Springsteen confirms Broadway shows will be ‘pretty much the same on a nightly basis’

by JAY LUSTIG

Bruce Springsteen says his nightly “Springsteen on Broadway” shows will follow a script but be about “renewal,” not “repetition.”

In an interview with The New York Times, Bruce Springsteen has, for the first time, offered an in-depth explanation of why he chose to put together his “Springsteen on Broadway” run, and what fans can expect.

Talking to veteran rock critic Jon Pareles, The Boss said the inspiration came from a private White House concert he played for President Obama and about 250 staffers, in January. 

“There was a lot of storytelling, which goes back to our early days at the Bottom Line when you were in front of a couple of hundred people,” he said. “It worked in a very, very intimate setting.”

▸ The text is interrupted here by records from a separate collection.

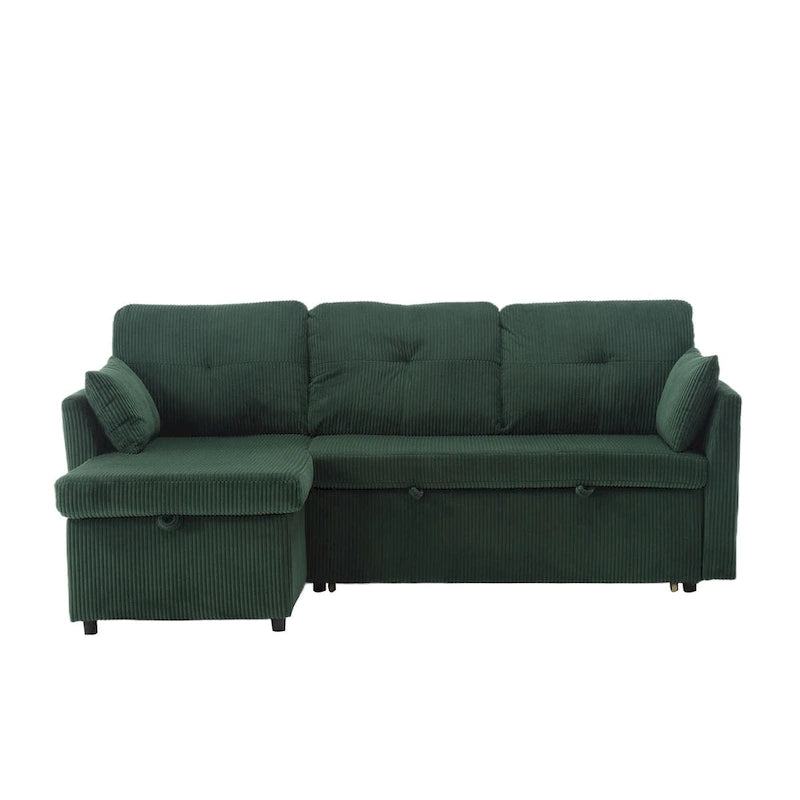 Zielona modułowa sofa narożna 3-osobowa o długości 81,1 z odwracalnym szezlongiem i schowkiem, rozkładana sofa z miękkiego aksamitu do salonu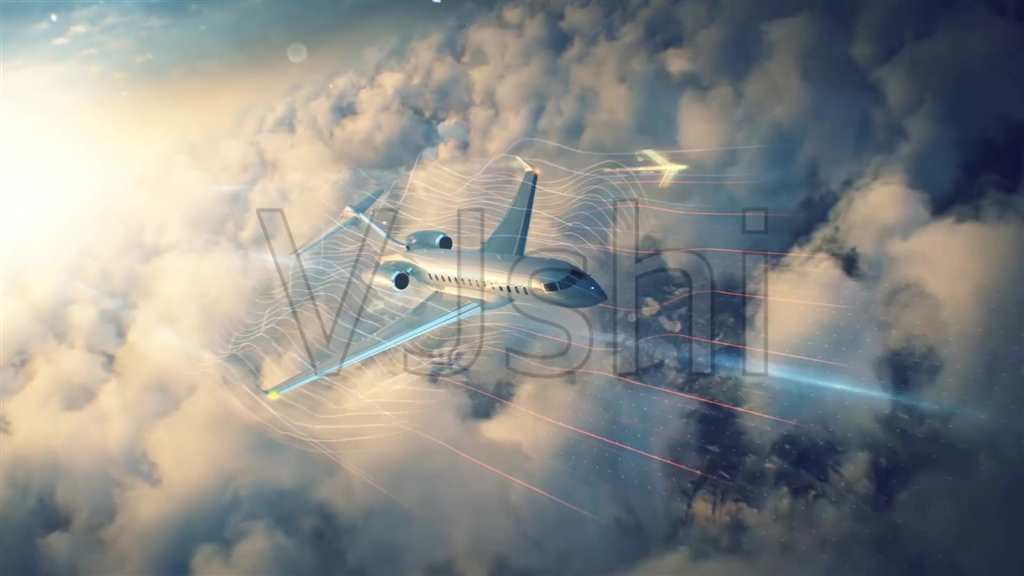 云层穿越科幻科技飞机起航未来梦想#飞机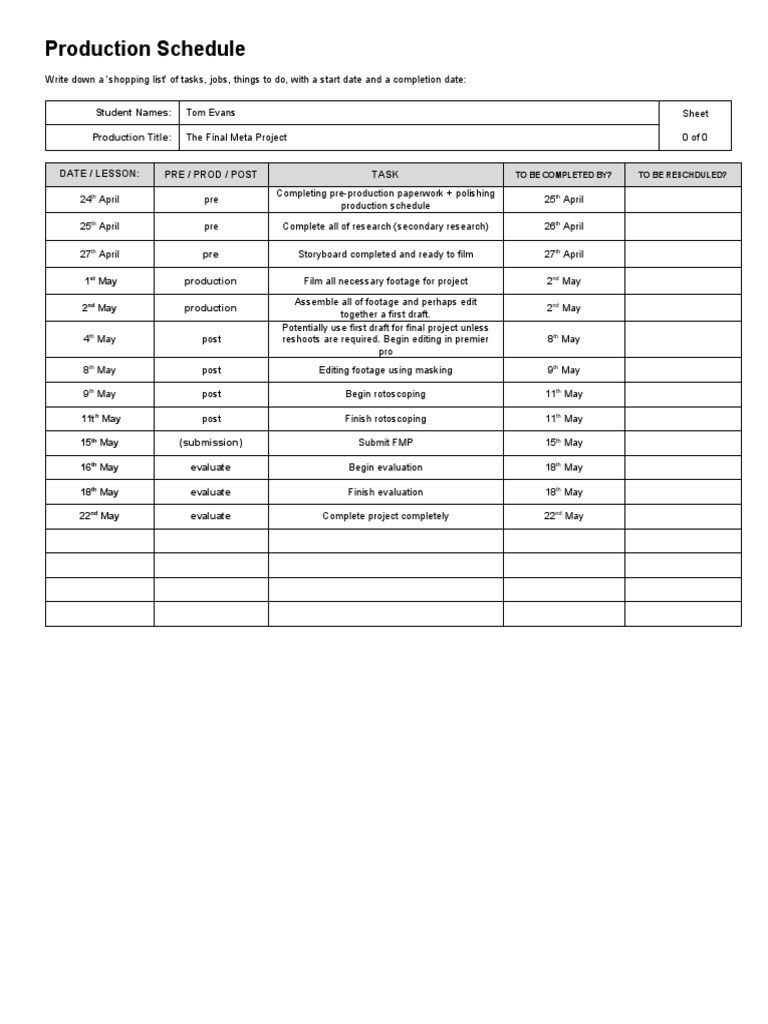Production Schedule Blank | PDF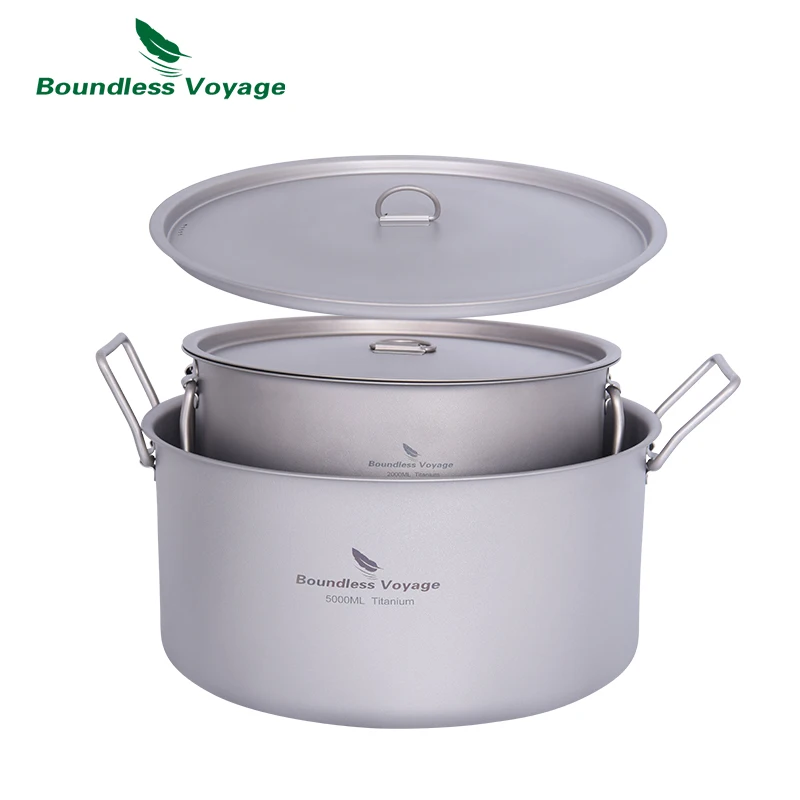 Boundless Voyage Camping Pot 2L / 5L Titanium Hot Pot Outdoor Portable Cookware with Lid  Folding Handle Home Hiking Cooking Kit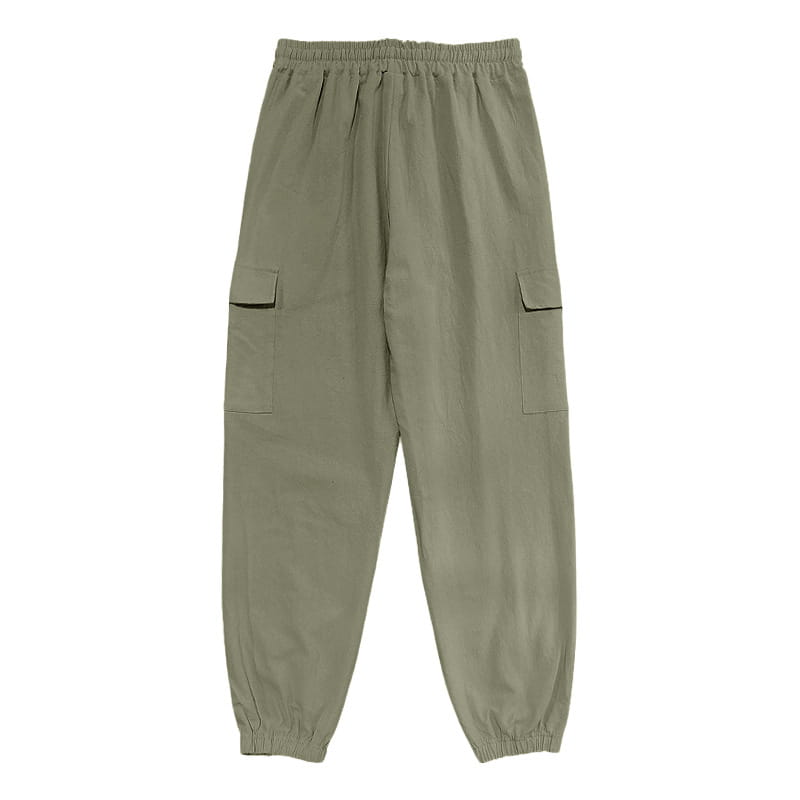 Olive green men linen cargo pants with elastic waistband, drawstring, large side pockets, and cuffed ankles.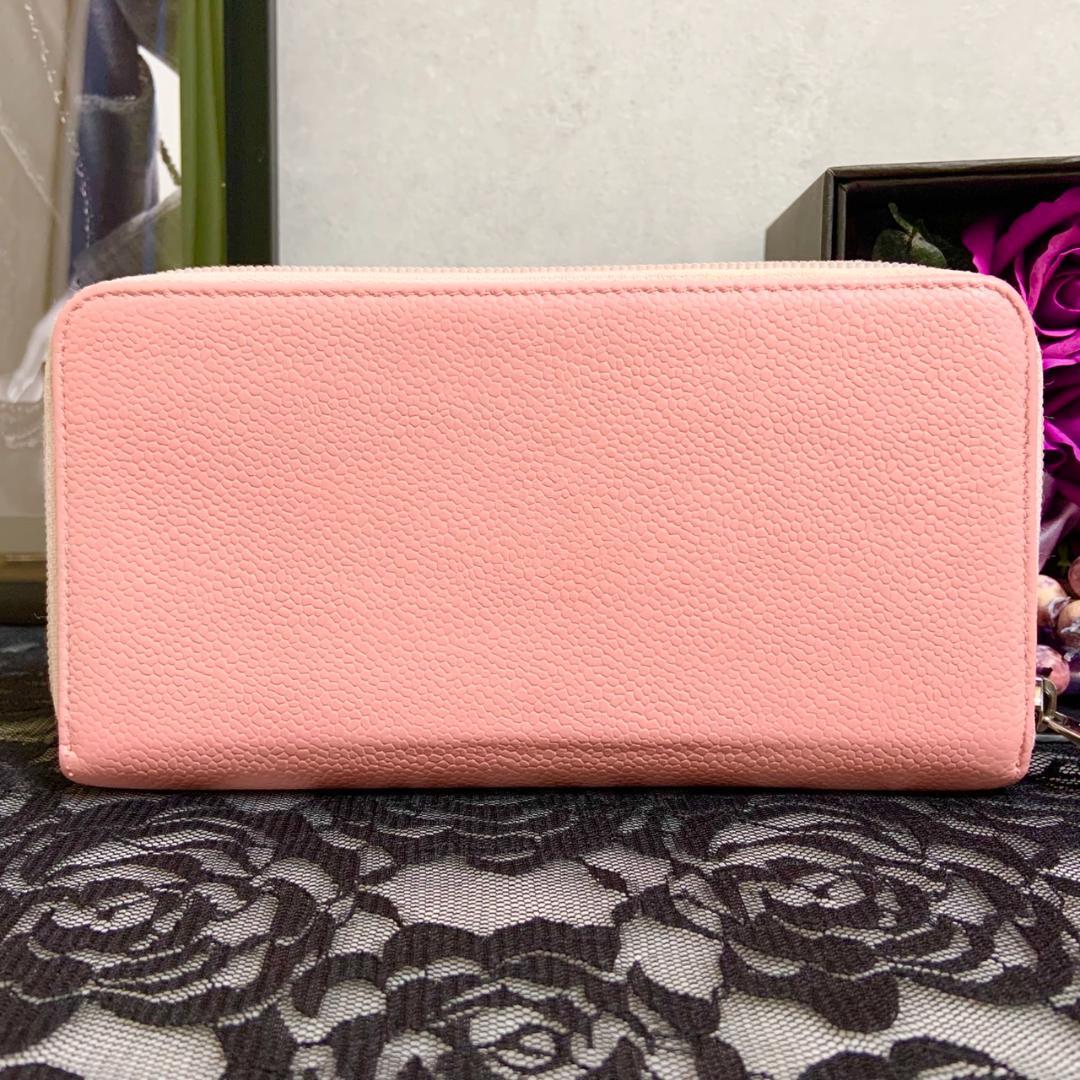 【美品】CHANEL　シャネル 　ラウンド　長財布　ウォレット　ピンク　シルバー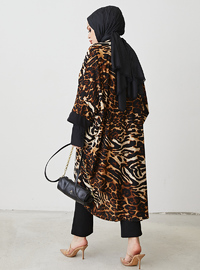 Leopar Desenli Kimono Kahverengi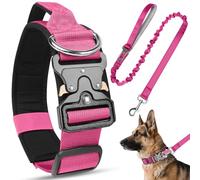Tactical Dog Collar and Lead Set, Adjustable Military Training Nylon Dog Collar with Heavy Duty Metal Buckle & Handle, Soft Padded Breathable Pet Collar for Small Medium Large Dogs (Rose Red, XL)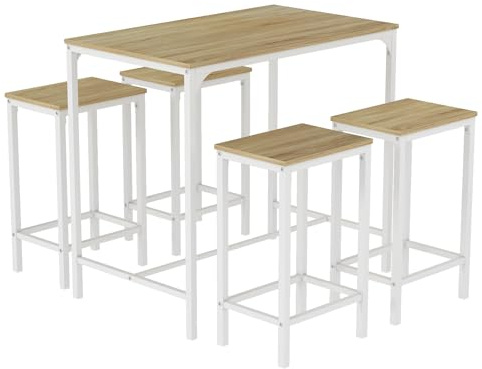 ReseeZac Table de Bar avec 4 chaises de Bar,Cuisine Salle à Manger Set,Table de Bar et tabourets de Bar Set,pour Cuisine Salle à Manger Salon Taverne,Veinage chêne+Cadre métallique Blanc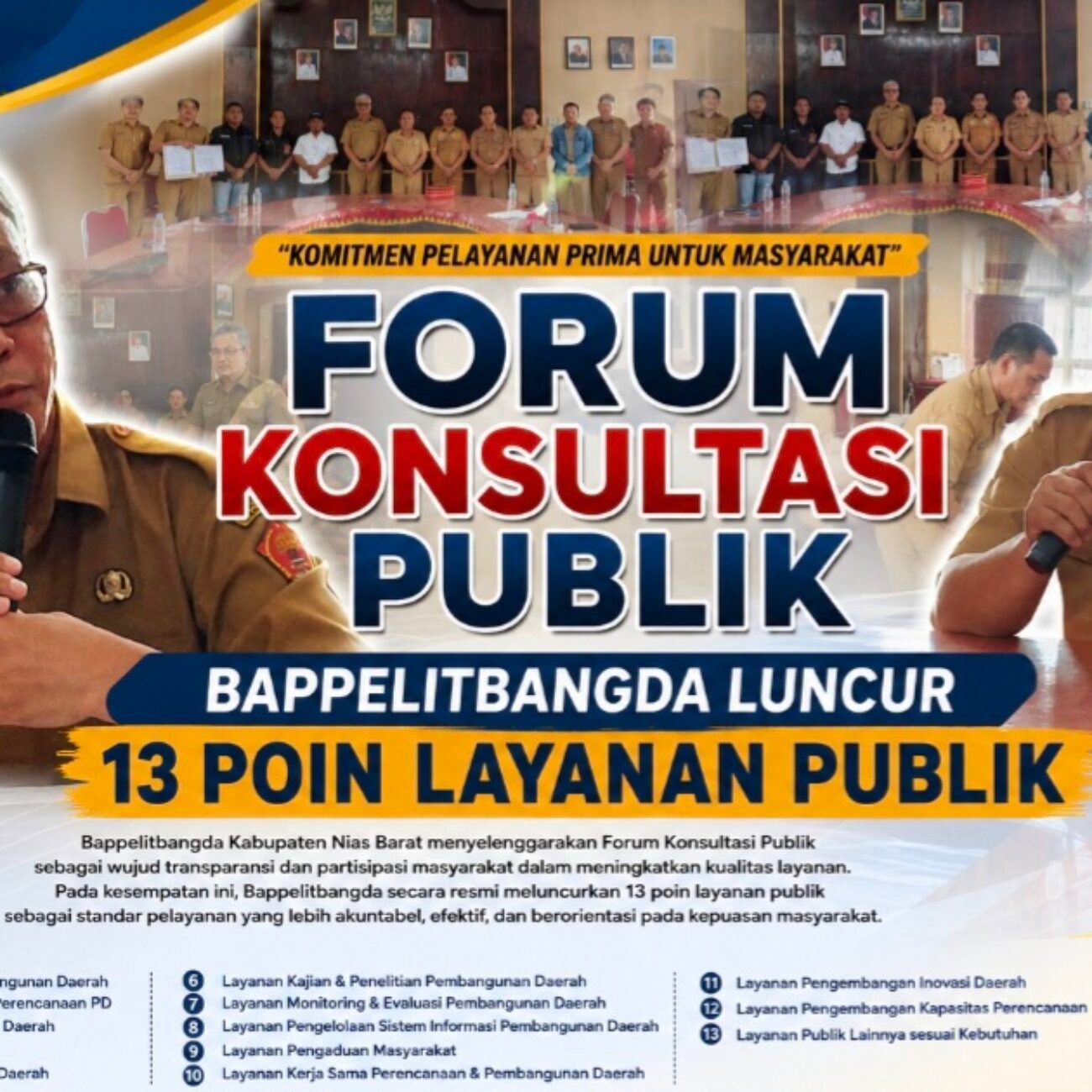 Perkuat Kualitas Layanan, Bappelitbangda Nias Barat Luncurkan 13 Standar Pelayanan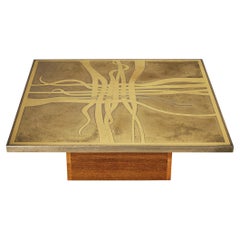 Christian Krekels Signed Coffee Table in Brass and Wengé 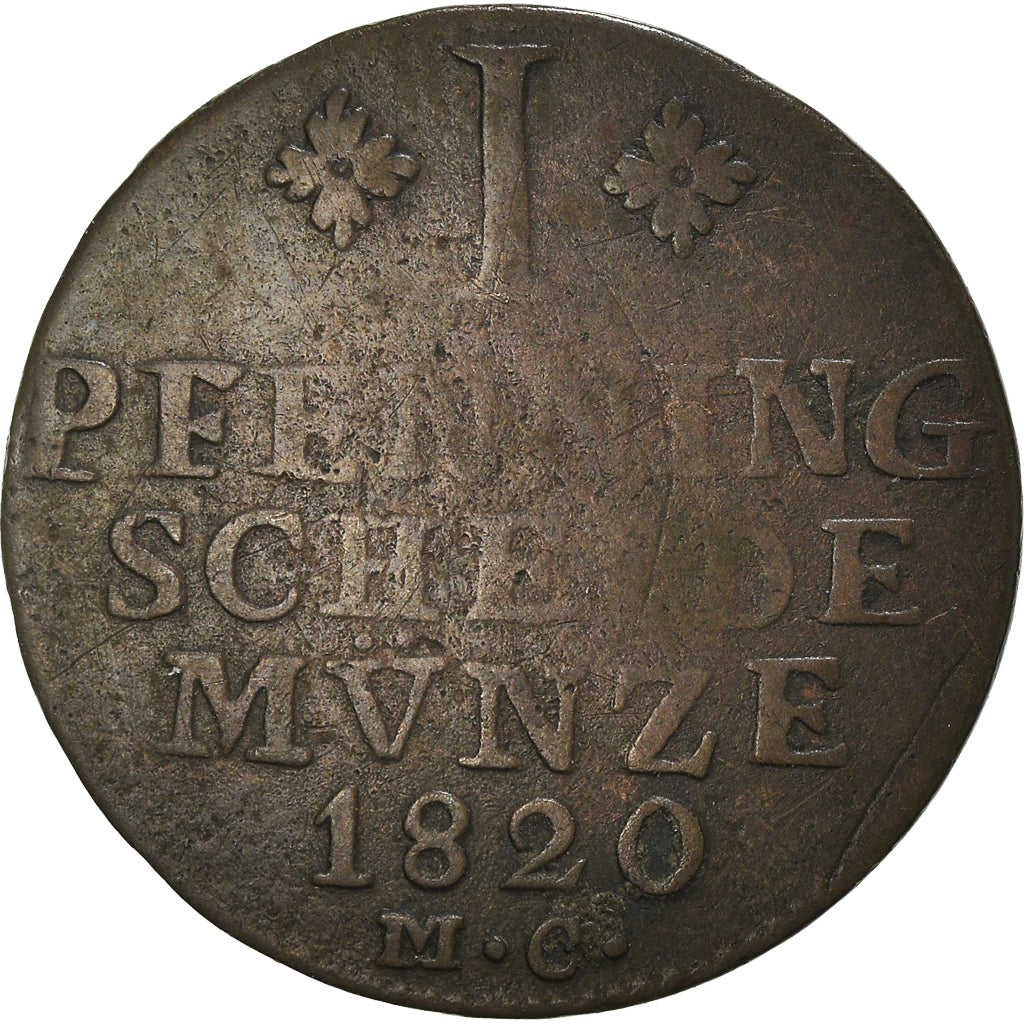 Coin, German States, BRUNSWICK-WOLFENBUTTEL, Karl II, Pfennig, 1820, VF(20-25)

He also compared “Springsteen on Broadway” to the “VH1 Storytellers” show he taped at the Two River Theater in Red Bank in 2005.

In a big change from what his fans have come to expect, there will be little variation in the shows from night to night.

“This is a locked-in piece of music and script that I’m going to be performing pretty much the same on a nightly basis. It’s a solidified piece of work.”

He said he looks at this as an opportunity for “renewal,” at each show, not “repetition.”

“And to do that your spirit has got to be 100 percent present. But it’s a new audience every night. There’s new faces, there’s new opportunities. Those songs have been very good to me over the years, and in return I try to be good to them. So you have a chance of renewing the emotion and the spirit in that music on a nightly basis.

“That’s the place I work to get to every night when I’m onstage. I think that if the foundation of what you’ve built is built well, you’ll be able to inhabit it on a nightly basis and your audience will come in and it will feel like they’re seeing it for the first time.”

Springsteen said he is not expecting to use the show to comment, directly, on current politics.

“There’s nothing Trump-centric about what I’m doing,” he said. “My idea was really just to present the work that I’ve done for the past 40 years or so and let it speak for itself. I didn’t feel like I needed to get on a soapbox or be real ideological about it. I wanted the night to play very naturally, and be broad enough to be about all the things I’ve written about over the years. And in that way, in the contrast, it would comment.”

He said he finished a new album, though he didn’t discuss a release date.

“Springsteen on Broadway” begins previews on Oct. 3, officially opens on Oct. 12, and runs through Feb. 3.